Good Health Practices (1953 10 min., Avis) Preachy film must be meant for people living in caves. We learn how to clean ourselves, get rest and sleep, and other no brainer things. For a minute it looks like we're going to get a lesson on how to use the toilet, but we're spared.

Understanding Others (1958 12 min., McGraw Hill / Centron) Schematic but well-staged effort shows a teacher upending expectations about who will get the editorship of the school paper: a popular social type, or an inhibited but talented unpopular loner. Very good. Has the guts to acknowledge that some kids are attractive and others not, and doesn't pretend that kids will accept the teacher's unpopular choice.

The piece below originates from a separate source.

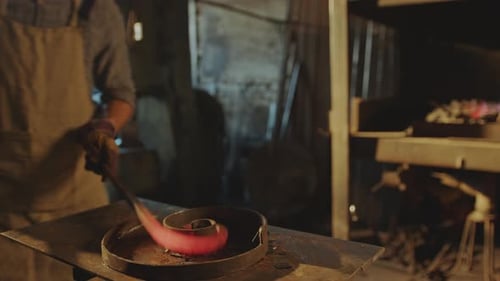 Blacksmith Forming Red Hot Metal Piece in Workshop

Kitty Cleans Up (1949 10 min., Key Productions) This excruciating film uses a cat to teach cleanliness, MOS filming dubs little girl with an adult faking a child's voice; the effect is grating.

The Cautious Twins (1960 6 min., Sheriff's Dept LA) The stuff of nightmares. Perpetually smiling animated brother and sister run into one pervert, kidnapper and potential rapist after another. The rhyming narration and stylized animation puts this one in some alternate terror universe. This is as inappropriate for little kids as Night of the Hunter.

Your Junior High Days (1963 12 min., McGraw Hill / Centron) Fun movie points out fears and adjustment problems of incoming 7th graders. Boys and girls are segregated and lost in a vast campus population; having to be responsible for their own studies and locker combinations. Realistic and grim. Makes the odd observation that by dressing and acting like your peers, you'll be accepted! A rather big-scale production.

Buying Food (1950 11 min., Centron) Big Bore Home Economics film is mostly interesting now for showing what an old-style food market was like. Advice is given to avoid impulse buying, how to distinguish what label information means. My high school sweetheart wasn't in 'advanced' classes and got parked in Home Econ - hope she didn't have to put up with this kind of stuff. This being a Centron film, the organ score over the main title is especially creepy ( Centron director Herk Harvey directed the horror classic Carnival of Souls.)

Each Child is Different (1954 15 min., McGraw Hill) Rather slow and dramatic film reminds teachers that kids have varying backgrounds and need sympathetic handling. One kid has adult responsibilities and is being robbed of her own childhood, another is caught between warring parents, etc. Probably good psychology but appears to be tied into marketing for a scholar's book. Disc notes point out the fact that the only way teachers could react would be to give some kids special handling - in effect showing favoritism.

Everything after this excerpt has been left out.